[v3,04/11] drm/i915: Add support for asynchronous display power disabling

Submitted by Imre Deak on May 9, 2019, 5:34 p.m.

Details

Message ID 20190509173446.31095-5-imre.deak@intel.com
State New
Headers show
Series "drm/i915: Add support for asynchronous display power disabling" ( rev: 4 ) in Intel GFX

Not browsing as part of any series.

Commit Message

Imre Deak May 9, 2019, 5:34 p.m.
By disabling a power domain asynchronously we can restrict holding a
reference on that power domain to the actual code sequence that
requires the power to be on for the HW access it's doing, by also
avoiding unneeded on-off-on togglings of the power domain (since the
disabling happens with a delay).

One benefit is potential power saving due to the following two reasons:
1. The fact that we will now be holding the reference only for the
   necessary duration by the end of the patchset. While simply not
   delaying the disabling has the same benefit, it has the problem that
   frequent on-off-on power switching has its own power cost (see the 2.
   point below) and the debug trace for power well on/off events will
   cause a lot of dmesg spam (see details about this further below).
2. Avoiding the power cost of freuqent on-off-on power switching. This
   requires us to find the optimal disabling delay based on the measured
   power cost of on->off and off->on switching of each power well vs.
   the power of keeping the given power well on.
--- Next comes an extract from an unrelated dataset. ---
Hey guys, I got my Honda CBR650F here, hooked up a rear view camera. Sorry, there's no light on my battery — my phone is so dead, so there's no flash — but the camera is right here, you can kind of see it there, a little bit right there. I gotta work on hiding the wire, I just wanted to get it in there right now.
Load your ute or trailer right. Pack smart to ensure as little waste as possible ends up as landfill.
   In this patchset I'm not providing this optimal delay for two
   reasons:
   a) I don't have the means yet to perform the measurement (with high
      enough signal-to-noise ratio, or with the help of an energy
      counter that takes switching into account). I'm currently looking
      for a way to measure this.

   b) Before reducing the disabling delay we need an alternative way for
      debug tracing powerwell on/off events. Simply avoiding/throttling
      the debug messages is not a solution, see further below.
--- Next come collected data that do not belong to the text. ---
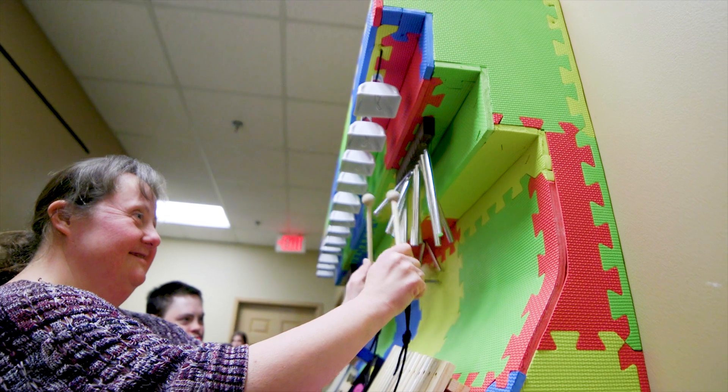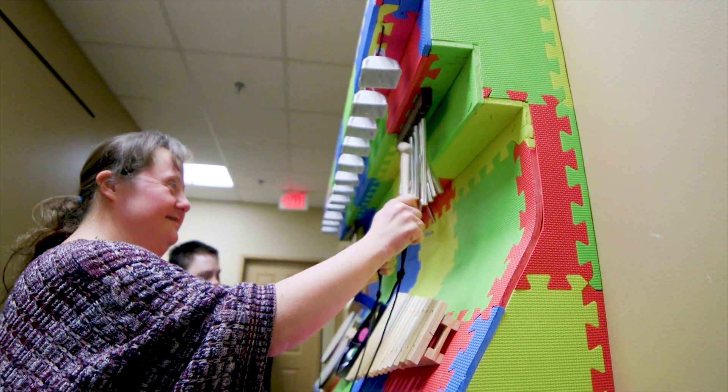There's just something about taking an idea from inception to its completion — something so satisfying about that, that we probably all share. I remember when we dropped it off, Kevin was like, 'I feel like I just dropped our kid off.'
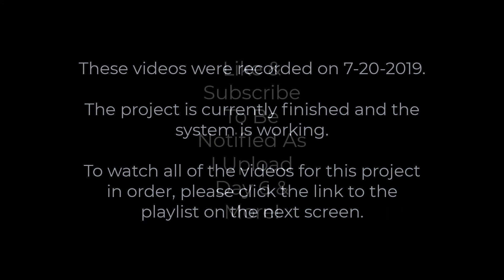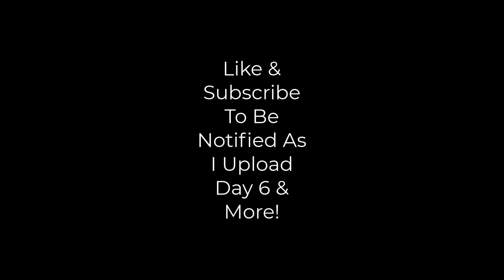Sorry about the camera work there, guys. As I've mentioned before, some of these videos — like these walkthroughs — were never really meant for YouTube, more just for my own reference, but I thought I'd post them in case they help somebody. If you like this, please hit that like button and subscribe so you can be notified as I upload new content. Stay tuned for day six, which is the day of the driveway pour.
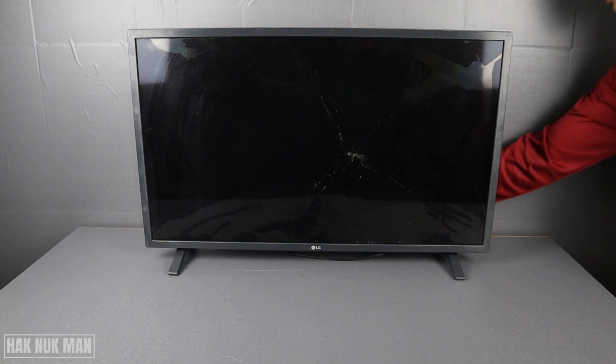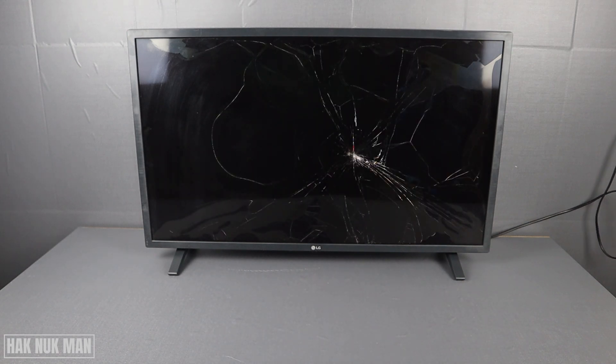Okay, now carefully input the power supply to it. You can see the broken part is become a little bit blue now. I'm gonna try to turn it on. Okay, so the screen is now disappear.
   Note that even in the case where we can't measure any considerable
   power cost of frequent on-off switching of powerwells, it still would
   make sense to do the disabling asynchronously (with 0 delay) to avoid
   blocking on the disabling. On VLV I measured this disabling time
   overhead to be 1ms on average with a worst case of 4ms.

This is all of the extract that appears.